The artist was well-travelled across England and Europe, and he moved to the Rhineland aged 21 to publish his own work, “The Rhine and its Picturesque Journey” (1856). For the next thirteen years he dedicated much of his time to creating woodcuts and book illustrations.

However, Myles never lost contact with his northern heritage, and remained in close contact with his aunt Mary Spence of Newcastle in particular; he married her daughter Anne in 1850. Although it was commonplace to marry a cousin during this time, Foster’s Quaker heritage meant that the marriage received more approval within the community than if he had married a non-Quaker. Up until the mid-19th century, it was routine to spurn friends and family who married outside of the Quaker community.

In 1859, at the age of 34, Myles started to work in watercolour; a late age for a beginner at the time. As such, he was self-taught, which allowed his distinctive style to flourish. His watercolours often feature romantic and idealised versions of quintessentially British landscapes and landmarks, depicting countryside culture and ways of life such as farming, markets, or children playing in rural landscapes.  His pictures are usually quite small in size, painted with extremely fine brushwork and minutely detailed. His remarkable skills saw him exhibit over 400 works at the Royal Academy in his time, as well as regularly showing his work in Newcastle. His pictures proved extremely popular with Victorian audiences, with colour reproductions of his works being widely available.

In 1860, Foster moved in to Tigbourne Cottage, in Witley near Godalming, Surrey. In the same year he had been elected an associate of the Society of Painters in Water Colour, becoming a full member in 1862.  A year later, having become enchanted by the landscape of Surrey, he purchased a plot of land and built himself a house; The Hill.  The interiors were designed and decorated by the famous arts and crafts artisans Dante Gabriel Rossetti, Edward Burne-Jones and William Morris, and the house became a magnet for fellow artists and friends such as Charles Keene, Fred Walker, and William Quiller Orchardson.

In 1864, after the passing of his first wife with whom he had five children, Foster married again, this time to an artist that was outside of the family circle and the Quaker community; Frances Watson, the daughter of artist John Dawson Watson.

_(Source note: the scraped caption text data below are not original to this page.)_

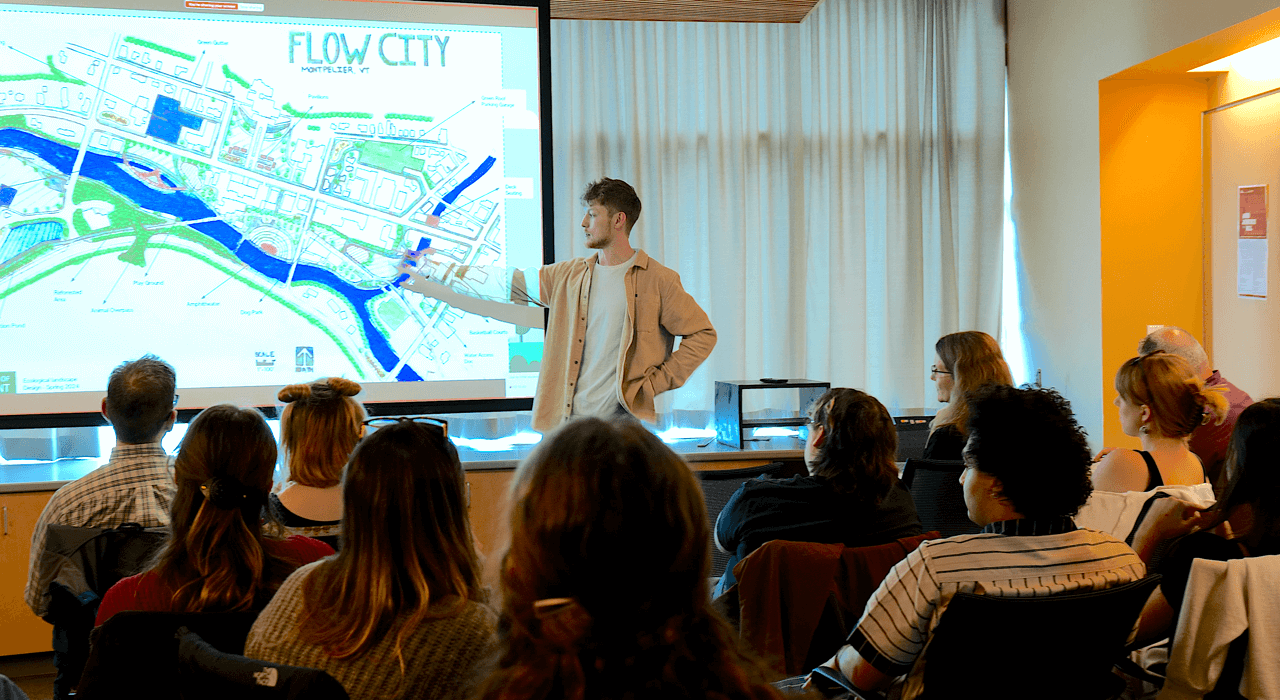 Student doing a final presentation in a landscape design course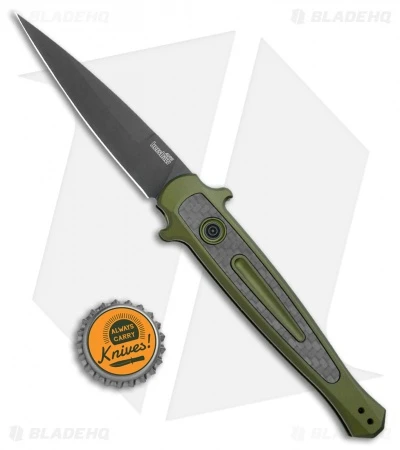 Kershaw Launch 8 Stiletto Automatic Knife Green/CF (3.5" Black) Kershaw Launch 8 Stiletto Automatic Knife Green/CF (3.5" Black) -Benchmade Store Kershaw Launch 8 Stiletto Auto Green CF Black KER7150OLBLK BHQ 109602 jr bottlecap
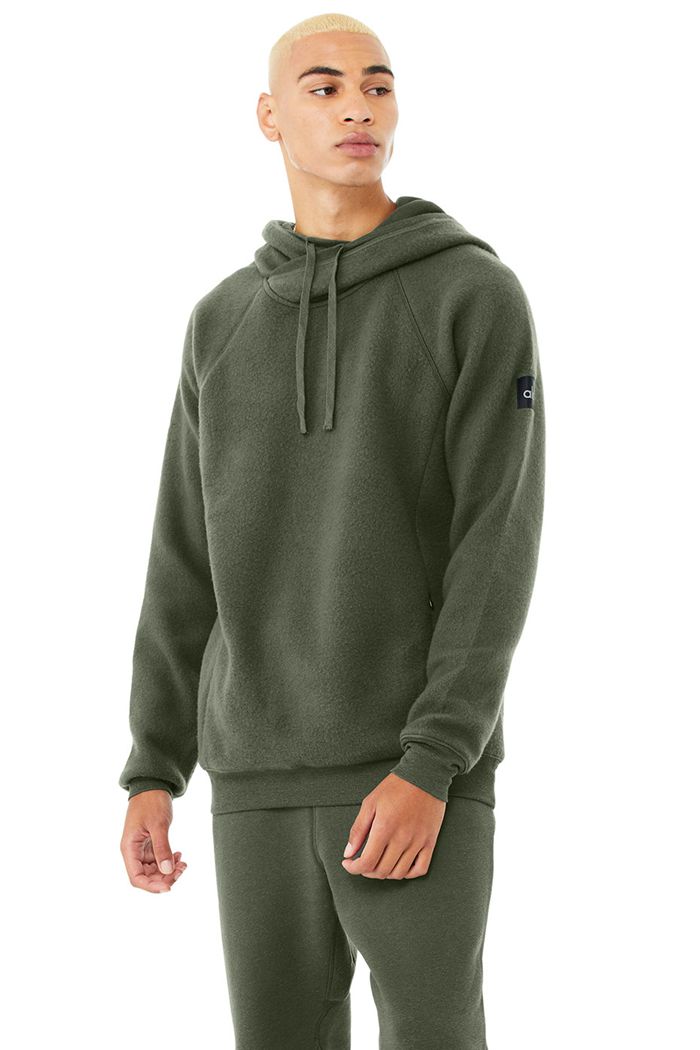 Alo Yoga The Triumph Men's Hoodie Dark Green | 07GIANSED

Foster died in 1899. It was reported in his obituary within The Times newspaper that he was one of the most popular watercolour artists of the time.

As a native to the North East, it is no surprise that the historic Hexham market town features in one of Foster’s watercolours. At the time this painting would have been produced the marketplace would have been filled with the hustle and bustle of market sellers showcasing their wares from Hexham’s renowned tanneries, breweries, and the fresh produce the town had to offer. The scene depicts an early 19th century marketplace with Old Inn (right of the Moot Hall), The Moot Hall, The Shambles, and the Town pant.

Today, the scene has changed subtly; the clock is no longer present on the Moot Hall, and the building to the left of the Moot Hall no longer exists. Having been demolished and replaced in the 1950’s, it is now home to a well-known woollen store. The Town pant of 1703 was demolished in the early 20th century and replaced in 1901 by a red sandstone memorial to William Angus Temperley. The memorial features a plaque inscribed with a verse by Wilfred Wilson Gibson, a highly regarded local poet. The arms of Hexham and Northumberland also appear on the surrounding plaques.